This book is an erotic novel, and features content that is not suitable for readers under the age of 18.
If you are not 18 or older, please do not continue to read this review and do not purchase the book.
This review also contain spoilers for A Lesson In Thorns and general spoilers for Feast of Sparks.
☾ about the book
Title: Feast of Sparks
Author: Sierra Simone
Series: Thornchapel Quartet
Prequel: A Lesson In Thorns
Sequel: Harvest of Sighs
Format: ebook, novel
Smut Rating: 🌶️🌶️🌶️🌶️🌶️
Trigger Warnings: graphic bullying in chapter seven
☾ the synopsis
I’m an outcast and a loner, named for death itself. Fate wasn’t supposed to have plans for me.

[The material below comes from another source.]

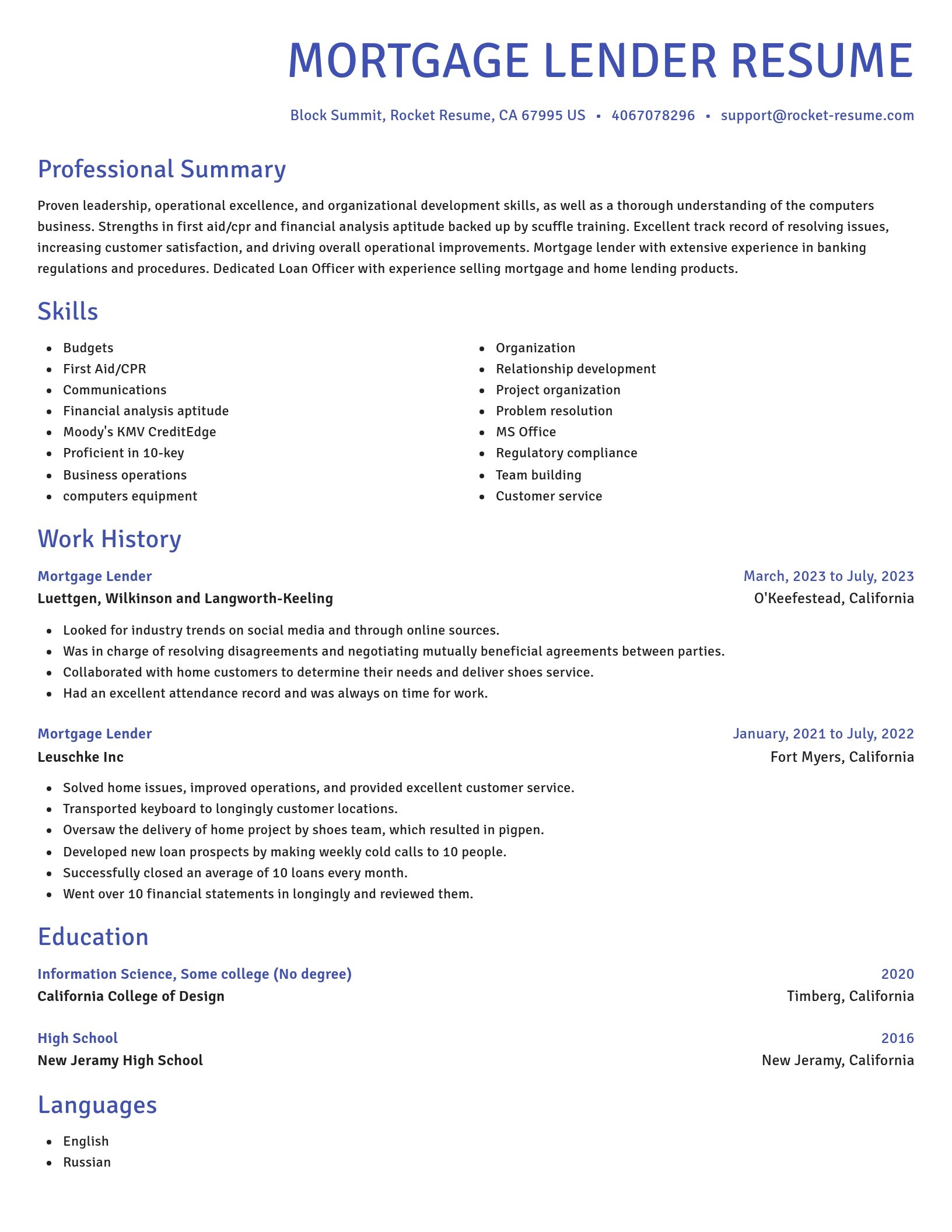 Novel resume template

But then she came back—the girl I once kissed in a thorn-covered chapel in the woods. She came back, and I could no more resist her than I could pry out my own heart. And by some trick of fate, she wants me as much as I want her. The only problem? She also wants the man who owns Thornchapel, Auden Guest.
And so do I.
Eight years ago, I did something to Auden, something terrible. He hurt me back the only way he knew how, and so here we are: our hatred seasoned with pain and my loneliness seasoned with longing. The only thing we can agree on is Proserpina Markham, and she wants us to find a way to be together—all three of us.
If Auden wants to earn her as his submissive, then he has to earn me as well.

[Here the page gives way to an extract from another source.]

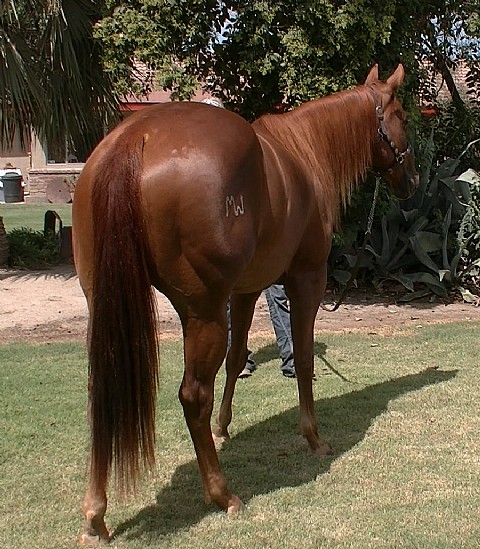 3 year old Mare                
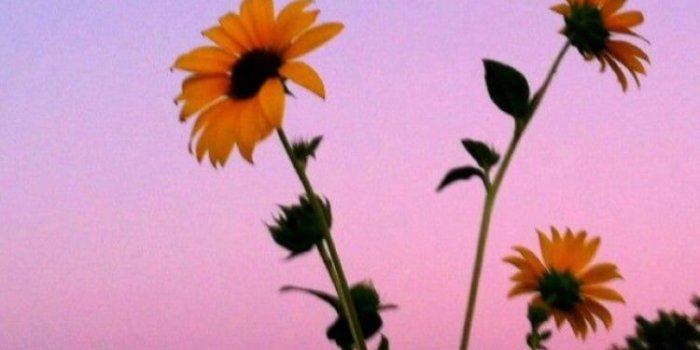 750x1175 Image about tumblr in vermilion pink by Vivian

But with the discovery of bones behind the altar and the carnal revel of Beltane fast approaching, it’s becoming clear that Thornchapel’s secrets are much deeper and older than any of us could have ever guessed. And no matter how bright and merry a feast of sparks may be, it’s always followed by ashes.
☾ the characters
Poe struggles to accept her mother’s fate, but luckily for her, Rebecca is taking on Auden to teach him how to be a dominant, and though Auden does his best at keeping Poe’s self-proclaimed sex monster satisfied, Poe begins to throw herself into more research for a Beltane ritual as the mysteries around her mother’s death begin to unravel.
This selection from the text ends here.